Enter the changed values of values.yaml?

grafana:
  ingress:
    annotations:
      kubernetes.io/ingress.class: nginx
      nginx.ingress.kubernetes.io/backend-protocol: HTTPS
    enabled: true
    tls:
    - hosts:
      - ingress-nginx.webb-m1.opsmonitor.sashq-d.openstack.sas.com
      secretName: grafana-ingress-tls-secret
    hosts:
    - ingress-nginx.webb-m1.opsmonitor.sashq-d.openstack.sas.com
    path: /grafana
  testFramework:
    enabled: false
  readinessProbe:
    httpGet:
      scheme: HTTPS
      port: 3000
  livenessProbe:
    httpGet:
      scheme: HTTPS
      port: 3000
  extraSecretMounts:
  - name: grafana-tls
    mountPath: /cert
    secretName: grafana-tls-secret
    readOnly: true
    subPath: ""
  service:
    port: 3000
    targetPort: 3000
    type: ClusterIP
    nodePort: null
  sidecar:
    datasources:
      defaultDatasourceEnabled: false
  "grafana.ini":
    server:
      protocol: https
      cert_file: /cert/tls.crt
      cert_key: /cert/tls.key
      domain: ingress-nginx.webb-m1.opsmonitor.sashq-d.openstack.sas.com
      root_url: https://ingress-nginx.webb-m1.opsmonitor.sashq-d.openstack.sas.com/grafana
      serve_from_sub_path: true

Datasource configmap(grafana-datasource-prom-https.yaml):

    apiVersion: 1
    datasources:
    - name: Prometheus
      type: prometheus
      access: proxy
      isDefault: true
      jsonData:
        tlsSkipVerify: true
      editable: true
      url: https://v4m-prometheus:9090/prometheus

Enter the command that you execute and failing/misfunctioning.

Configmap is created:

  kubectl create cm -n monitoring grafana-datasource-prom-https --from-file monitoring/tls/grafana-datasource-prom-https.yaml
  kubectl label cm -n monitoring grafana-datasource-prom-https grafana_datasource=1

No failure in logs or returned to me on deploy

Anything else we need to know?

Willing to provide any other information that would make the issue more clear. Thanks for looking!

stale[bot] commented 1 year ago

This issue has been automatically marked as stale because it has not had recent activity. It will be closed if no further activity occurs. Any further update will cause the issue/pull request to no longer be considered stale. Thank you for your contributions.

Stealthmate commented 1 year ago

I think this might be related to https://github.com/grafana/grafana/issues/12878 . I am doing a similar setup and grafana isn't loading the default datasource, even though/etc/grafana/provisioning/datasources/datasource.yaml and grafana.ini points to the correct paths.

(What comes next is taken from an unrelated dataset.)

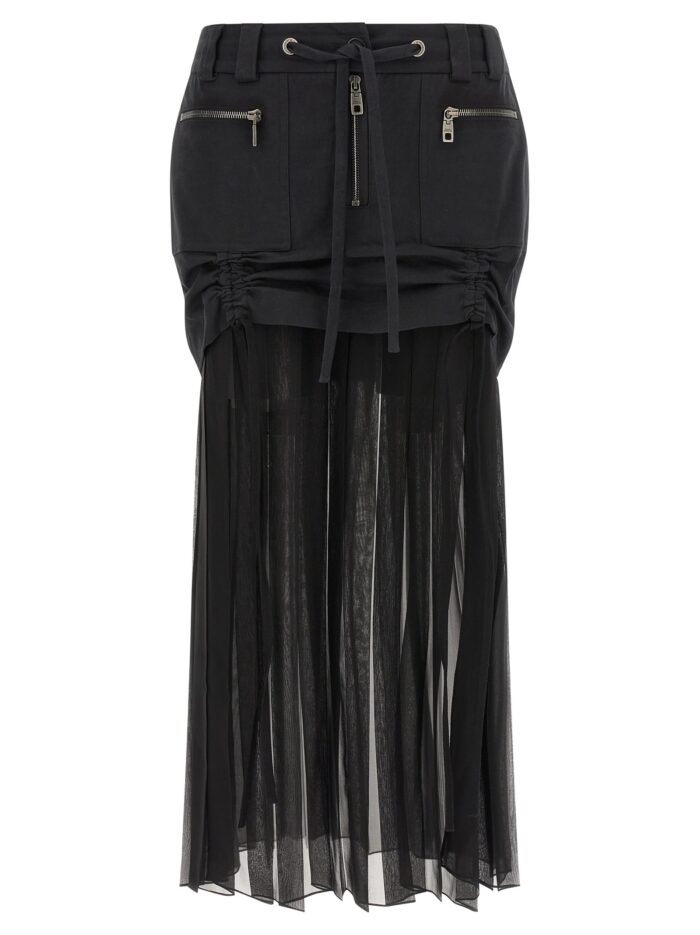 dolce & gabbana twill and chiffon skirt Dolce & Gabbana Twill And Chiffon Skirt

Maybe the reason it sometimes works for OP is a race condition (as pointed out in the grafana issue)?

EDIT: I just tried forcing grafana to restart via kubectl exec -n kube-prometheus-stack -it deployment/kube-prometheus-stack-grafana -c grafana -- /bin/sh -c 'kill 1' and now the default datasource shows up. More evidence in support of https://github.com/grafana/grafana/issues/12878 I guess.

zeritti commented 1 year ago

With respect to datasources that are defined in configmaps, these get collected by the datasource sidecar grafana.sidecar.datasources.enabled implemented with k8s-sidecar. If

its requests to the Grafana's reload endpoint fail and hence, Grafana does not know of the new datasources until it gets redeployed and finds new datasources via provisioning directory. This might be the reason why a datasource from a configmap shows occasionally up.

The default Prometheus datasource with grafana.sidecar.datasources.defaultDatasourceEnabled gets also collected by the sidecar, and similarly grafana.additionalDatasources.

Another means to define custom datasources is through grafana.datasources (Ref.). In this case, a change to the datasources initiates a redeployment on release upgrade.

stale[bot] commented 1 year ago

This issue has been automatically marked as stale because it has not had recent activity. It will be closed if no further activity occurs. Any further update will cause the issue/pull request to no longer be considered stale. Thank you for your contributions.

stale[bot] commented 1 year ago

This issue is being automatically closed due to inactivity.